Caroline's Opinion

First of all, I think it is important to admit that I am approaching this debate from the perspective of an outsider.  I have lived in Pittsburgh, Pennsylvania all my life, and, though I have vacationed in the Adirondacks since 2000, I have no vested interest in what happens to the Remsen-Lake Placid Corridor.  I have, however, taken a semester-long course on the Adirondacks, and I find the rails-to-trails debate very interesting, especially since it is such a hot topic.  Here, I will attempt to articulate my opinions.

Before we began our research, I assumed I would favor the railroad cause, mostly because I have a sentimentalized notion of railroads.  I immensely enjoyed traveling by train while studying abroad in Europe, and I consider it regretable, for environmental and social reasons, that public transportation in the United States is so limited.  Even more so, though, I tend to believe, though I cannot really defend it with much evidence, that historical structures, such as the railroad and stations in contention, have an innate value and deserve to be preserved.  However, now that I have extensively researched the topic and read defenses of each side, I am more confused and conflicted than before we began! 

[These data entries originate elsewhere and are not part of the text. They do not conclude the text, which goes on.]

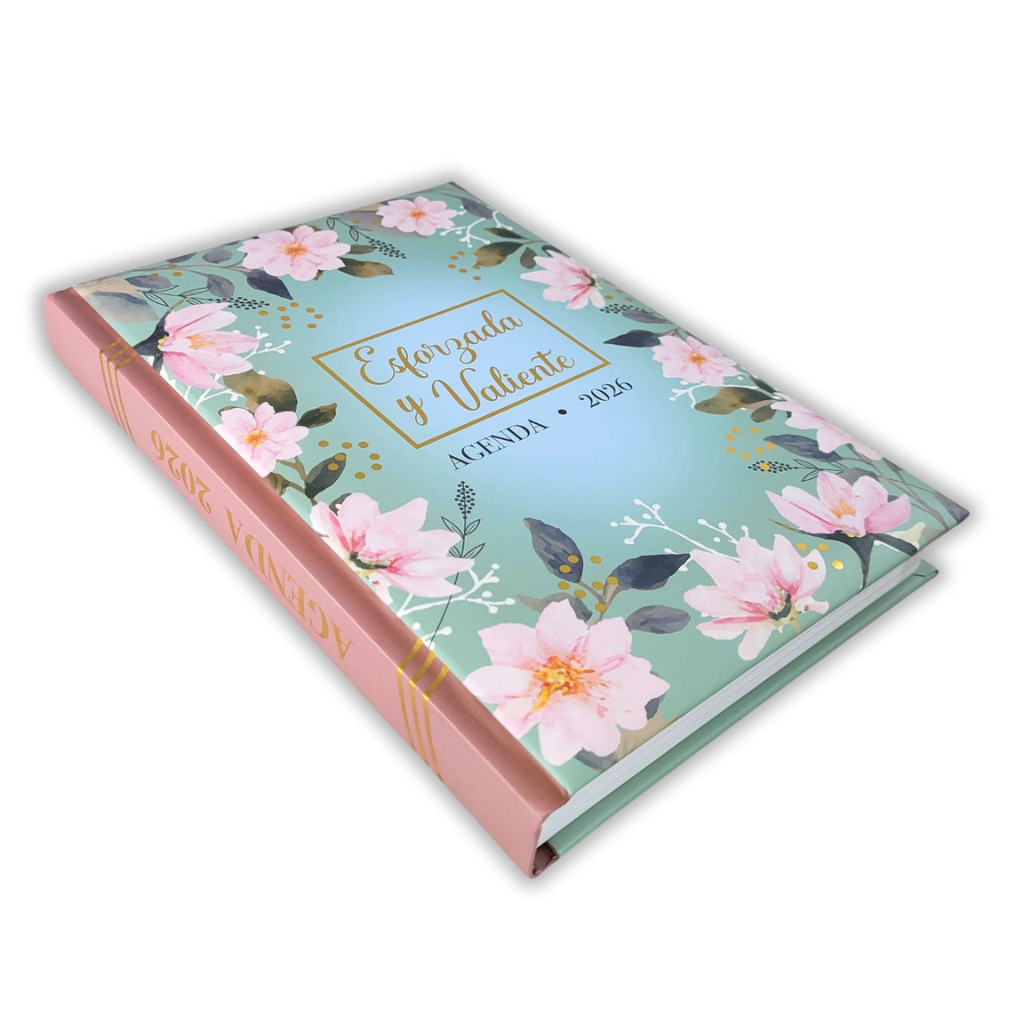 Agenda Esforzada y Valiente Verde Floral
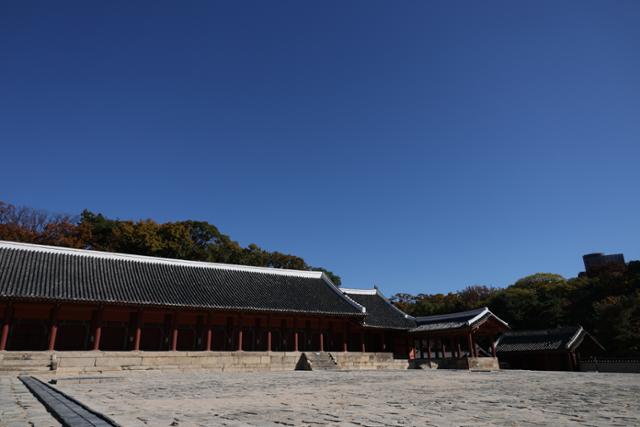 10일 서울 종로구 종묘 정전 모습. 연합뉴스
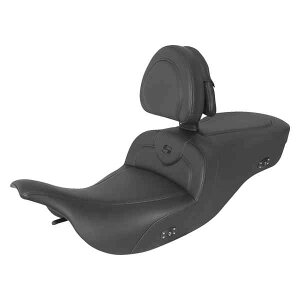 ��� ���M���ꂽRoadsofa?�V�[�g �T�h���}�� Heated RoadSofa? Seat - With Backrest - Black W/Black Stitching 897-07-187BRHCT DRAG 08011421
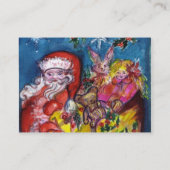 CARTE DE VISITE PÈRE NOËL AVEC CADEAUX (Dos)
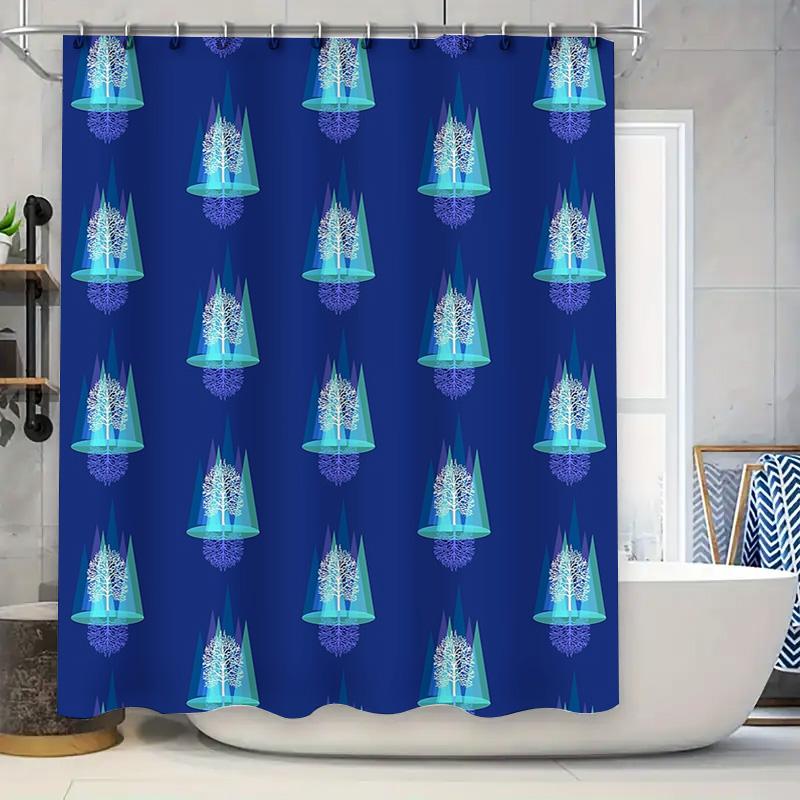 Forest Trees Shower Curtain Nature Landscape Teal Blue Backdrop Washroom Decor Waterproof Fabric W60H190(CM)-1 Pcs
Forest Trees Shower Curtain Nature Landscape Teal Blue Backdrop Washroom Decor Waterproof Fabric W60H190(CM)-1 Pcs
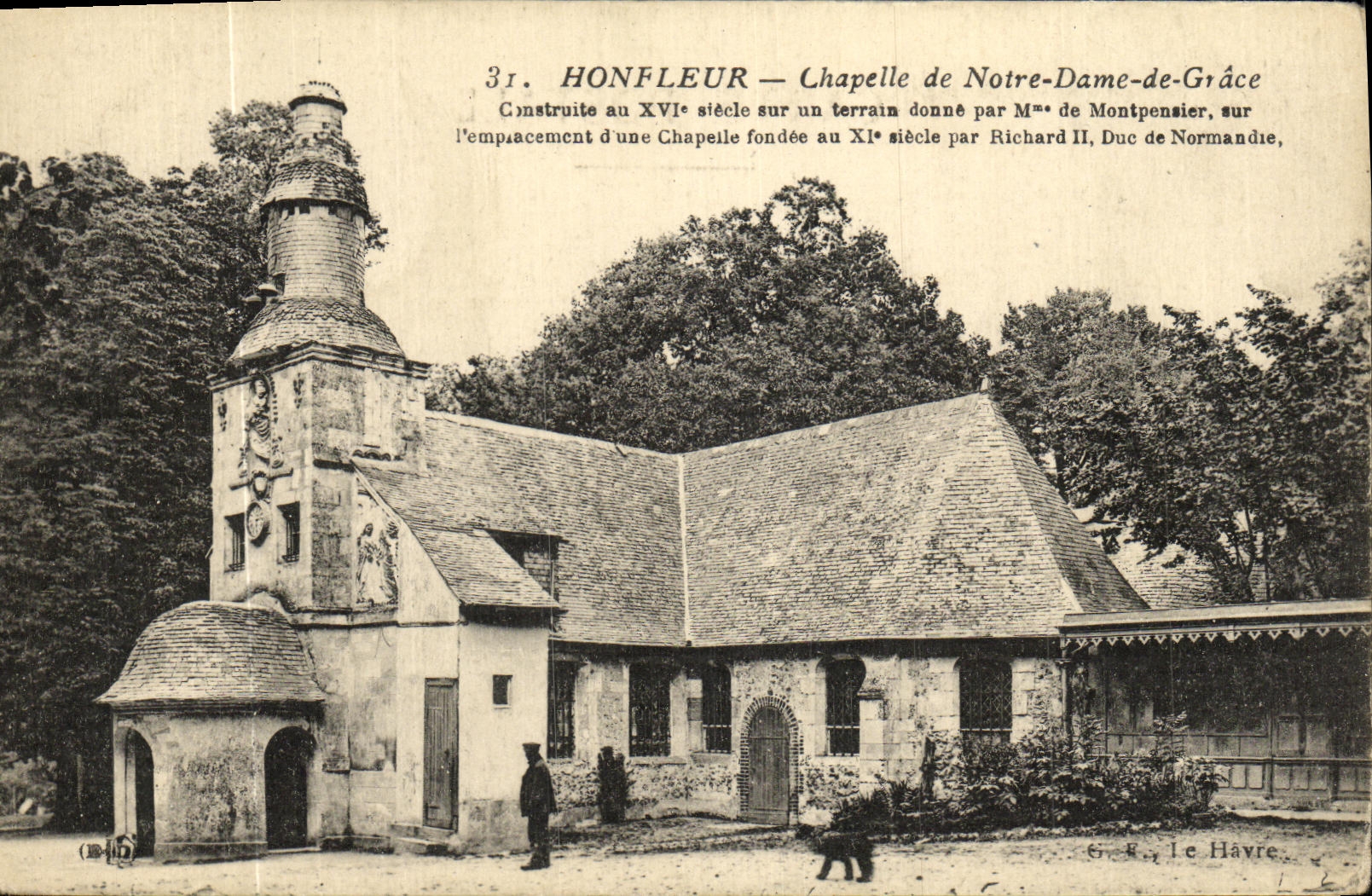 CPA Honfleur Chapelle de Notre Dame de Grace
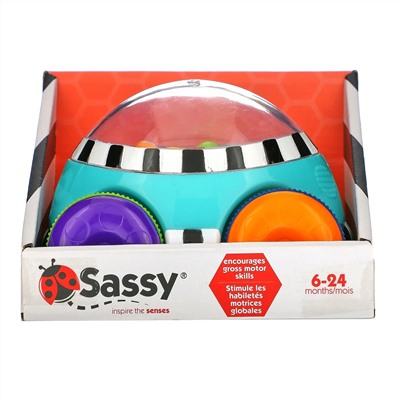 Sassy, Inspire the Senses, Pop n 'Push Car, машинка для детей в возрасте 6–24 месяца, 1 машинка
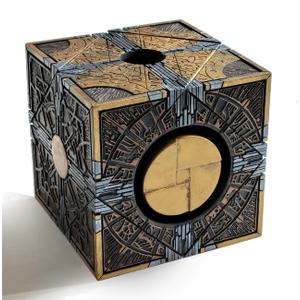 Halloween Puzzle Box, Hand-Painted, 3D Printed Static Decor Prop with Display Base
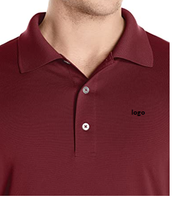 Chemise de golf pour homme, coupe classique, anti-plis, séchage rapide, couleur unie, polyester/coton, importée, fermeture boutonnée, lavage en machine – Meilleures ventes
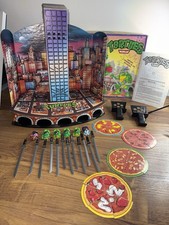 Tortues Ninja La Tour de L'angoisse Complet Jeux de société Habourdin 1990 Tbe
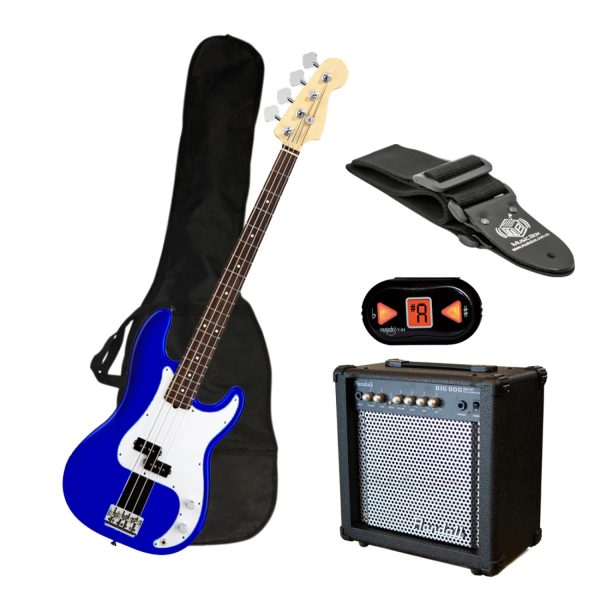 Combo Gsw CP Bajo Electrico Amplificador Azul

In none of the main elements of the debate (costs, economics, environmental) is the evidence heavily weighted towards one side.  The costs would not be significantly different; the environmental impacts are similar; and the amount of potential new revenue from either project is debatable.  Only the historical value is one-sided, but that, as I said, is largely sentiment rather than fact.  Recently, a rumour has been circulating that, once removed, the tracks could never be replaced.  When Ben and I went to the DEC and DOT's public meeting in Utica, the DEC supported this misconception in their presentation, saying that, once removed, the Wild, Scenic, and Recreational Rivers Act would prohibit the tracks from ever being replaced.  This probably inspired some of the pro-railroad comments on the comment boards, including, "many, many trails - one railroad - extreme to eliminate the only railroad - this is extinction."  However, Phil Brown, in his article "DEC Misinformed Public in Rail-Trail Slide Show," discredits this comparison of the removal of the railroads to a permanent extinction.  The DEC's presentation claimed that the Adirondack Scenic Railroad crosses three Wild or Scenic rivers, in which case the railroad could not be replaced.  In reality, though, these rivers are all either Recreational or unclassified at the point where the railroad crosses.  Thus, any decision could concievably be reversed.  Of course, it may not be economically or politically feasible to uproot the tracks now and then replace them in the near future.

For me, in the end the issue comes down to economics.  The Adirondack Park is so unique because it consists of a patchwork of private and state land.  It has been praised as a model of sustainable coexistence of humans and wilderness.  However, currently the economy across the Adirondack Park is distressed.  In much of the park, the poverty and unemployment rates are higher than the New York State average. (Adirondack Foundation)  Thus, in order for the Adirondack Park to continue its legacy of sustaining wilderness and its human population, the Park needs some sort of economic rescue.  And, though estimates are certainly inconsistent, the CA report, RTC report, and Stone Consulting report (see economics section) all agree that a trail would bring in more revenue to the area than a railroad.  Furthermore, seasonal unemployment is a significant problem for Adirondack residents, since so much of the local economy relies on the service and tourism industries.  The only concievable remedy for this problem is an increase in winter tourism, and snowmobilers seem like a potential solution. According to Rachel Murphy's article "Rail or Trail: The Debate Continues for the Remsen-Lake Placid Travel Corridor," "Last year the DOT examined the amount of snowmobile usage in February and March with a total of 349 near Big Moose Lake and 474 near Sabattis."  Since these numbers are from February and March alone, and since an improved trail available to snowmobilers all winter would only increase the numbers, I believe that a trail along the Remsen-Lake Placid Travel Corridor is more likely to mitigate winter unemployment than a railroad.

While I am ultimately conflicted and do not see one option as significantly preferable to the other, I think I would ultimately prefer to see a conversion to trails.  Both certainly have their benefits, and, in a perfect world, we would be able to reach a compromise.  However, because the Corridor traverses through wetlands, which are strictly protected, a railroad with a continuous parallel trail is not feasible.  And TRAC's proposed compromise would not adequately accomodate snowmobilers, who are essential when considering the economic potential of the Corridor.  So, though I understand and value the sentiment attached to the Adirondack Scenic Railroad, I hesitantly support the removal of the tracks to make way for a recreational trail.